▶ **PROBLEM DESCRIPTION**: Each line in the material below, starting at the one that contains "Def Leppard Nine Lives Oversized Crew Sweatshirt Def" and ending at the one that contains "仿古花纹田园彩绘地砖贴图下载【ID:1136515006】", should be repeated exactly; the pictures should not.

▶ **DATA TO EXAMINE**:
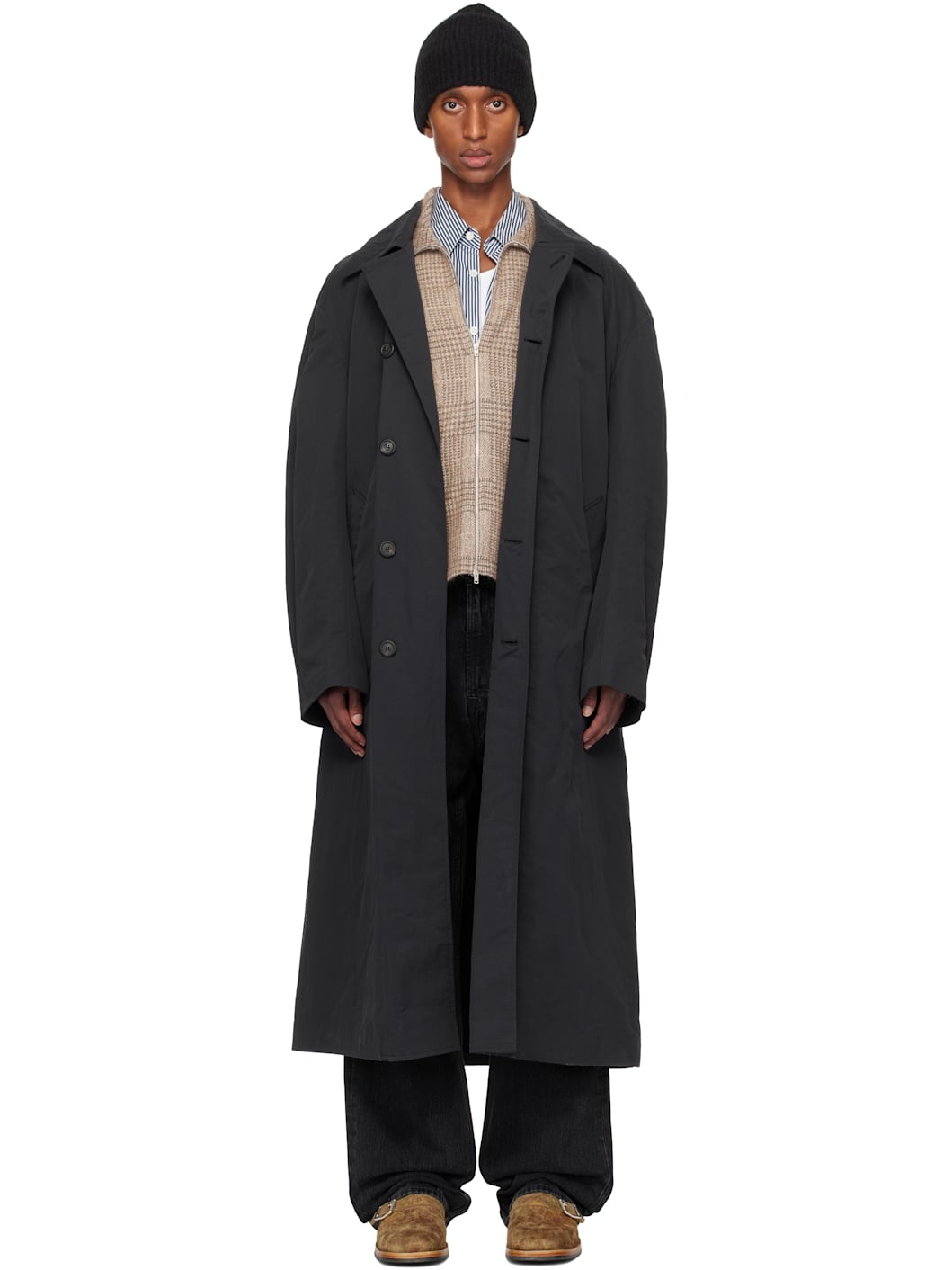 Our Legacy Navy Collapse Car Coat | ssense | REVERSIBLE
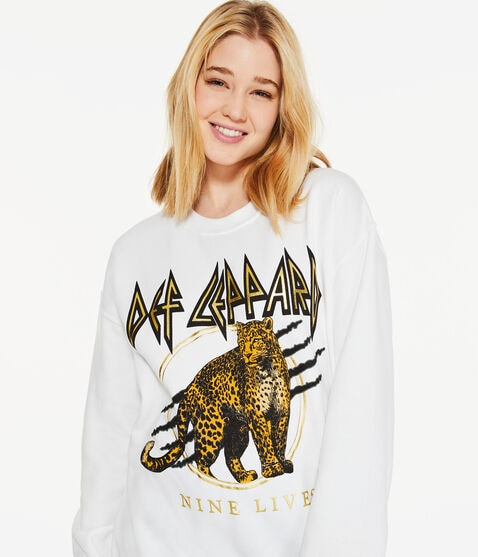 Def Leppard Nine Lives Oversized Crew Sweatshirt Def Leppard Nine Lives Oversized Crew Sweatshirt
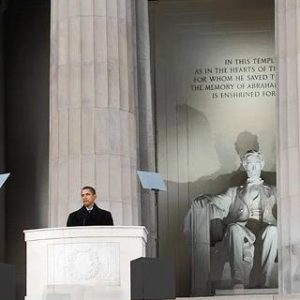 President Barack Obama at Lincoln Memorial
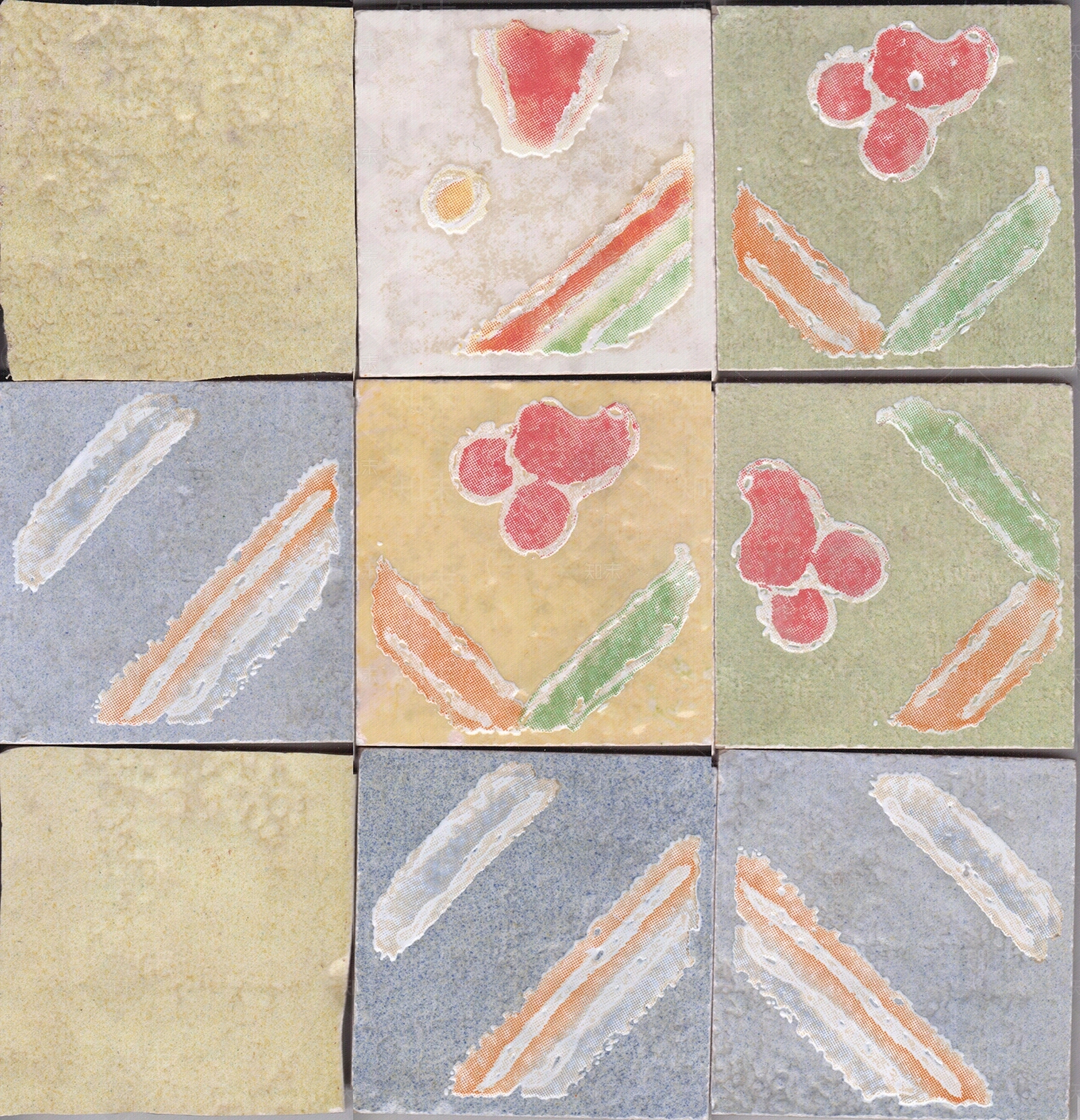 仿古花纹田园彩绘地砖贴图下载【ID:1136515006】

---

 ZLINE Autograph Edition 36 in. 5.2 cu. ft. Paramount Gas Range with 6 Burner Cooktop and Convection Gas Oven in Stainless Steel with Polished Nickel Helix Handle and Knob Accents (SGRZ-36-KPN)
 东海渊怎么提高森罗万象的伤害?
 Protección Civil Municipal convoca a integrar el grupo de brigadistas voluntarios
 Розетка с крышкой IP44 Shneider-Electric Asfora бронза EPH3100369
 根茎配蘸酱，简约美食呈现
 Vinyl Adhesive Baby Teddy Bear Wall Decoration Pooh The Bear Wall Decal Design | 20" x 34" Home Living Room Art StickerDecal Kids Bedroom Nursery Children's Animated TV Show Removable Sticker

==

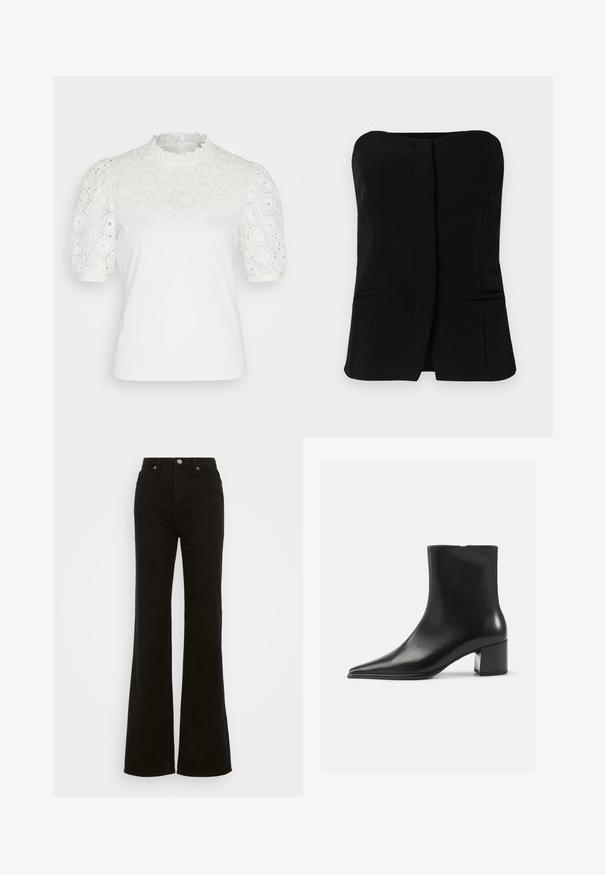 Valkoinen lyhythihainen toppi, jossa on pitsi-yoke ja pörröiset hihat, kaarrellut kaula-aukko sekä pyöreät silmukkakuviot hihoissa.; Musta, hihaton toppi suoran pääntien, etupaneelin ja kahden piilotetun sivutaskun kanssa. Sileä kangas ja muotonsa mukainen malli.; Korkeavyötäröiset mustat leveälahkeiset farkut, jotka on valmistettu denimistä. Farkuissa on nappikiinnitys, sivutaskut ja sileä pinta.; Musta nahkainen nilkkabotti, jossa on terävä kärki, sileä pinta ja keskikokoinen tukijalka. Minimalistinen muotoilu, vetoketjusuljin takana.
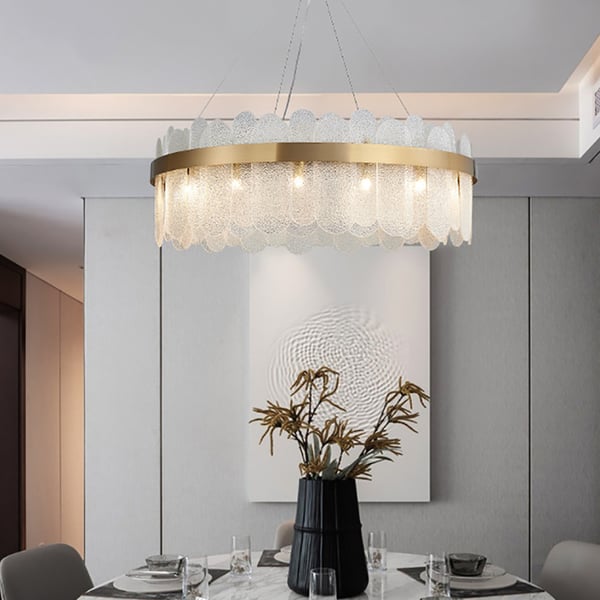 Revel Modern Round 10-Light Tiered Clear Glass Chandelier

▶ **PROBLEM SOLUTION**:
 Def Leppard Nine Lives Oversized Crew Sweatshirt Def Leppard Nine Lives Oversized Crew Sweatshirt
 President Barack Obama at Lincoln Memorial
 仿古花纹田园彩绘地砖贴图下载【ID:1136515006】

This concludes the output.